Page:Bulwer-Lytton - Aventures de Pisistrate Caxton.djvu/16

Le texte de cette page a été corrigé et est conforme au fac-similé.

— Oui, mon ami, interrompit ma mère. Mais il faut un nom chrétien pour l’enfant !

— Omeros… Soremo… Solemo… Solomo.

— Solomo ! c’est affreux.

— Affreux, en vérité, répéta mon père, c’est se moquer du sens commun. » Puis, après avoir jeté un nouveau coup d’œil sur ses livres, il s’écria d’un air rêveur : « Mais, après tout, c’est une absurdité de supposer que les chants d’Homère ne formassent pas un tout avant son temps !

— Le temps de qui ? » demanda machinalement ma mère.

Mon père leva le doigt.

Ma mère continua après un moment de silence.

« Arthur est un joli nom. Il y a encore William, Henri, Charles, Robert. Auquel nous arrêtons-nous, mon ami ?

— Pisistrate ! dit mon père d’un ton de mépris. Pisistrate !

— Pisistrate ! c’est un très-joli nom, dit ma mère avec joie. Pisistrate Caxton. Merci, mon ami, il s’appellera Pisistrate.

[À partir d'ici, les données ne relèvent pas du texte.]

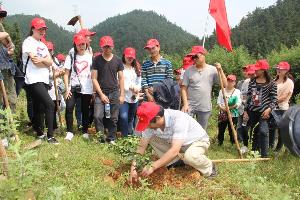 罗平县机关团工委组织开展义务植树活动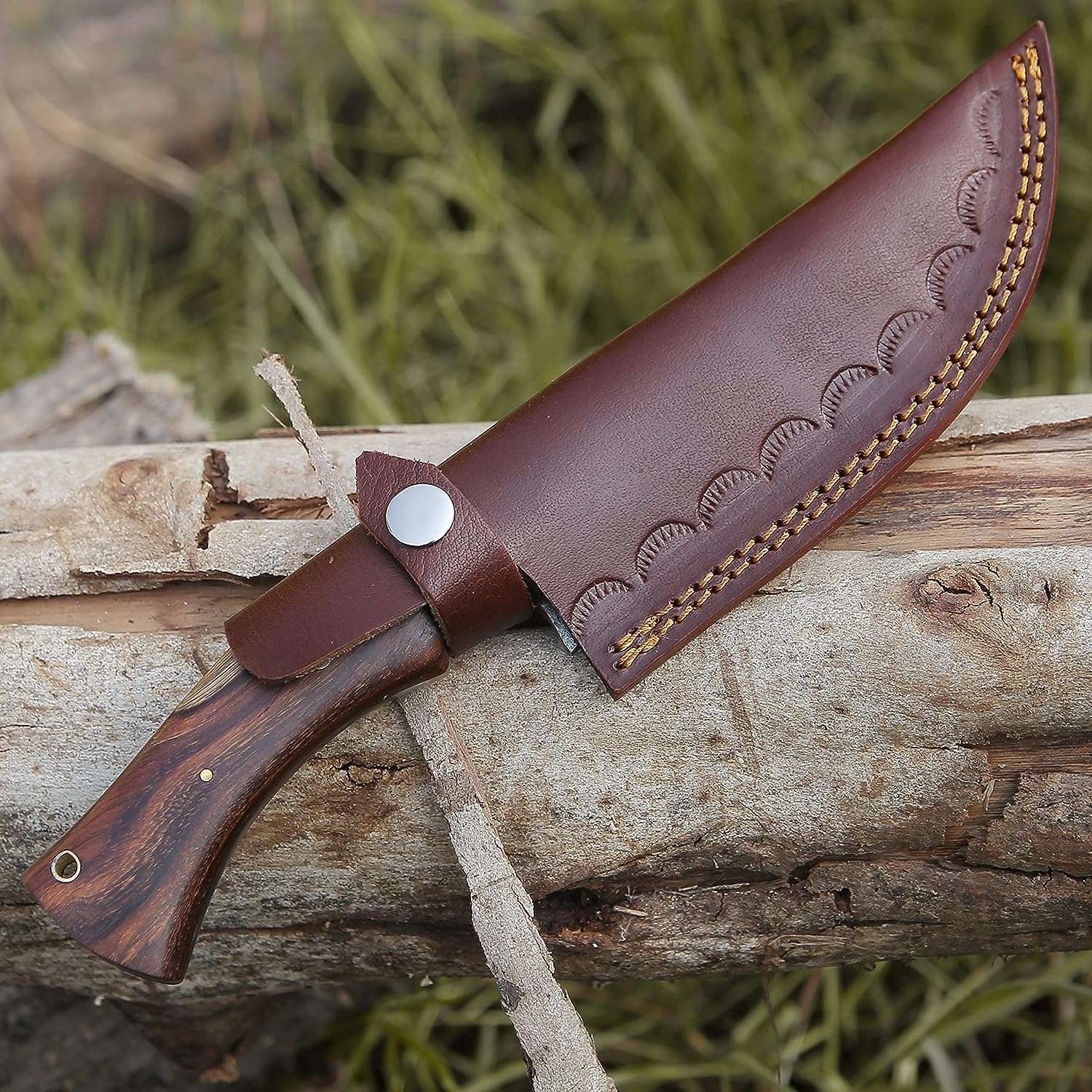 91lDMPuMh6L._AC_SL1500_ - Copy High Carbon Steel Bowie Knife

— Me contrediriez-vous ? Vous mettriez-vous du parti de Wolfe et de Heyne, et de cet impertinent drôle de Vico ? Voulez-vous dire que les rapsodes…

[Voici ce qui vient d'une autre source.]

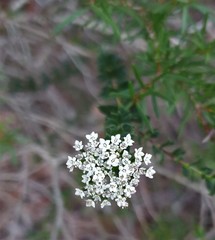 Platysace stephensonii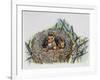 Red Squirrels (Sciurus Vulgaris) in Drey, Sciuridae-null-Framed Giclee Print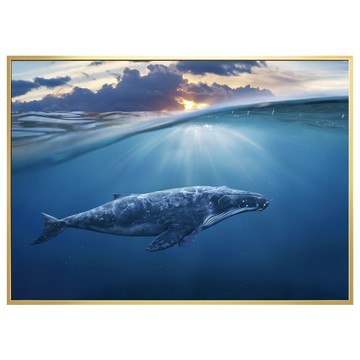 BOLUO GALLERY 菠蘿選畫所 洋流下的座頭鯨 ANSL3415G 掛畫  40 x 30cm  金色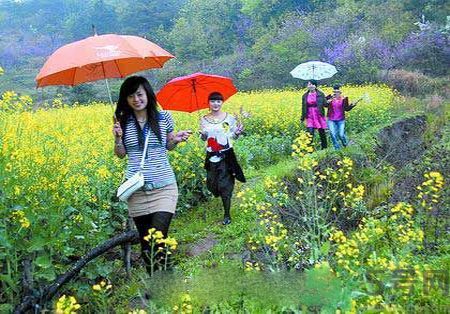 清明節(jié)為什么要踏青？清明節(jié)踏青有什么好處？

— Non certes, interrompit ma mère. Mon ami, vous me faites peur. »

Mon père soupira et se renversa dans son fauteuil. Ma mère prit courage et continua :

« Pisistrate est un peu long ; mais nous pourrons l’appeler Sisty.

Siste, viator, marmotta mon père, c’est bien vulgaire.

— Non, Sisty tout court. Je vous remercie, mon ami. »

Quatre jours après, à son retour de la vente, mon père apprit, et ce lui fut une inexprimable surprise, que Pisistrate grandissait et qu’il était son véritable portrait.

Lorsque enfin le brave homme eut la terrible certitude que son fils et héritier s’appelait du nom, mémorable dans l’histoire, qu’avait porté le tyran d’Athènes, compilateur supposé des chants d’Homère ; lorsqu’on lui affirma qu’il avait lui-même suggéré ce nom, il se fâcha autant qu’il était possible à un homme si doux de se fâcher.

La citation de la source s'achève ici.